Nieuws
Een nieuw probleem voor archeologie: instroom stijgt te snel
De faculteit van Archeologie heeft de afgelopen jaren geïnvesteerd om de instroom van studenten te verbeteren, maar die stijgt nu zo snel dat er zorgen zijn over de kwaliteit van het onderwijs.
Anoushka Kloosterman
donderdag 29 september 2022
Leidse archeologiestudent bij een opgraving in Schipluiden. Foto Marc de Haan

‘Het is een nieuw probleem voor onze faculteit’, zei decaan Jan Kolen tijdens de faculteitsvergadering. ‘Het doel was om in 2025 jaarlijks 110 nieuwe bachelorstudenten en 110 nieuwe masterstudenten te trekken, maar we hebben er nu al 165 in de bachelor, en meer dan 100 bij de master. De populatie groeit en groeit, en dat moeten we kritisch blijven volgen.

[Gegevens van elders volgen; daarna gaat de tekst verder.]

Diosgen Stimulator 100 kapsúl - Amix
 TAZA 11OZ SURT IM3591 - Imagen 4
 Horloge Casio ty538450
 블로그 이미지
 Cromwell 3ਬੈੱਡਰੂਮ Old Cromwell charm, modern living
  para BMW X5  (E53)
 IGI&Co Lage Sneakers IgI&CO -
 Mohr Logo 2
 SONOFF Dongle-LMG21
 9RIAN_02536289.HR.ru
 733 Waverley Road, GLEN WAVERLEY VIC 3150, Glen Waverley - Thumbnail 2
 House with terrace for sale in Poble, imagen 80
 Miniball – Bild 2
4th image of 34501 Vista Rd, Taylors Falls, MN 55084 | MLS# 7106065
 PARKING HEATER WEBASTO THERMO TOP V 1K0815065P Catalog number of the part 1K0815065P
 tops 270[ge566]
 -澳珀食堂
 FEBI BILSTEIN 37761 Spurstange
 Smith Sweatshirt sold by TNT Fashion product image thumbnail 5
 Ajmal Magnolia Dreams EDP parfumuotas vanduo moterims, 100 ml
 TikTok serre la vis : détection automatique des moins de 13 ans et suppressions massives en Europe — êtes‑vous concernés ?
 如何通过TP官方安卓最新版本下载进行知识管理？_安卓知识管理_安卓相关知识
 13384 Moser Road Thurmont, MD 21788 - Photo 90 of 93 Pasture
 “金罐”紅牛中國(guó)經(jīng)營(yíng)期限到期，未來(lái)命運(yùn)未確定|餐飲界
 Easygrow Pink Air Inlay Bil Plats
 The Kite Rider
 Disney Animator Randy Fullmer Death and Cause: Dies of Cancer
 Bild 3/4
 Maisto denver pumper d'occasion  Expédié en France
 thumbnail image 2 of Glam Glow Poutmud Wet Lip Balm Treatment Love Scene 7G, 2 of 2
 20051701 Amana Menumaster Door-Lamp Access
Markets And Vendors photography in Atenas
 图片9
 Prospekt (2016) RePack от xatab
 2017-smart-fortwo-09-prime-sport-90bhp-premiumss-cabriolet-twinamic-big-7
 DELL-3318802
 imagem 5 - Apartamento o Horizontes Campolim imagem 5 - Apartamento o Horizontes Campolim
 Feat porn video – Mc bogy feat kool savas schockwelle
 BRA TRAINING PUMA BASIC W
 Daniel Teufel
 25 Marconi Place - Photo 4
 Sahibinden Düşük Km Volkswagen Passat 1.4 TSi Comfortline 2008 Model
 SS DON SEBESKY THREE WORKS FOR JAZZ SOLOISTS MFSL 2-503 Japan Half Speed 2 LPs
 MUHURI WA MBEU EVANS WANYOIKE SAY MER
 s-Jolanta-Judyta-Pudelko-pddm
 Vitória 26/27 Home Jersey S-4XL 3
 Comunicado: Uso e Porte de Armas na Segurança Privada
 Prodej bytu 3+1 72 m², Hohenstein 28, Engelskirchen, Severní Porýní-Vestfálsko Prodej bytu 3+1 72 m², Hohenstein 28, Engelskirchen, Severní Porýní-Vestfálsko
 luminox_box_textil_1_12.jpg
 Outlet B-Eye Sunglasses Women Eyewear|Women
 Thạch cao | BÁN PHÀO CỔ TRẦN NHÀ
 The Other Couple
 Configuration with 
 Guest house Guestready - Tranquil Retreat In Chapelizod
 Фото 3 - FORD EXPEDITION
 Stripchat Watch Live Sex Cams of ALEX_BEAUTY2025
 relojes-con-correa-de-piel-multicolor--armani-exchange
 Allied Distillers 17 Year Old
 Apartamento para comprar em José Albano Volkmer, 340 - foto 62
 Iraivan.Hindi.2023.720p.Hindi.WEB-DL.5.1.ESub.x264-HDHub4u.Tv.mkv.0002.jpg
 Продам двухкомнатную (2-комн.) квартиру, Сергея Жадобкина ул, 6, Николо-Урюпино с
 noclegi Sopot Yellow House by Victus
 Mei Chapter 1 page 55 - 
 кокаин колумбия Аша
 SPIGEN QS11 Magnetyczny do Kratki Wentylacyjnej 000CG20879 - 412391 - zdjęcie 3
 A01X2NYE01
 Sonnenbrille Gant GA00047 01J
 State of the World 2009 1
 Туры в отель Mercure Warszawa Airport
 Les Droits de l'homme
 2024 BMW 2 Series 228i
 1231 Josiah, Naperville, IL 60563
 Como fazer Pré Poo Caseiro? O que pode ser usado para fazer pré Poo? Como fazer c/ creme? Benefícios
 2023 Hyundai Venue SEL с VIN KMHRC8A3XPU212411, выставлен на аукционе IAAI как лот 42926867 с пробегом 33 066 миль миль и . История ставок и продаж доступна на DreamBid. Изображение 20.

'Dit hebben we niet voorzien, en zou de kwaliteit van het onderwijs in gevaar kunnen brengen als de groepen groot zijn, in plaats van kleine klassen zoals we die het liefst hebben. Financieel is het goed, maar voor onderzoek en onderwijs wellicht niet.’

Te weinig stages

Vooral de veranderlijkheid van de instroom maakt het moeilijk, zei vice-decaan Alex Geurds. ‘Je weet niet of je over een paar jaar 250 studenten per jaar krijgt. Het zou zomaar kunnen, als de stijging doorzet. En wat doe je dan? Een fixus? En op hoeveel studenten? Dat moeten we zorgvuldig bekijken.’

Het heeft ook impact op stages. ‘Onze opleiding is zo contactintensief, met veel stages en veldwerk’, aldus Geurds. ‘Maar je kan niet zomaar honderden stages tevoorschijn toveren.’

Het bestuur houdt de instroom in de gaten, zei Kolen. De faculteitsraad hoopt dat het intensieve onderwijs niet verdwijnt. ‘Daarmee onderscheiden we ons. Dat moeten we niet verliezen’, zei voorzitter Marie Kolbenstetter.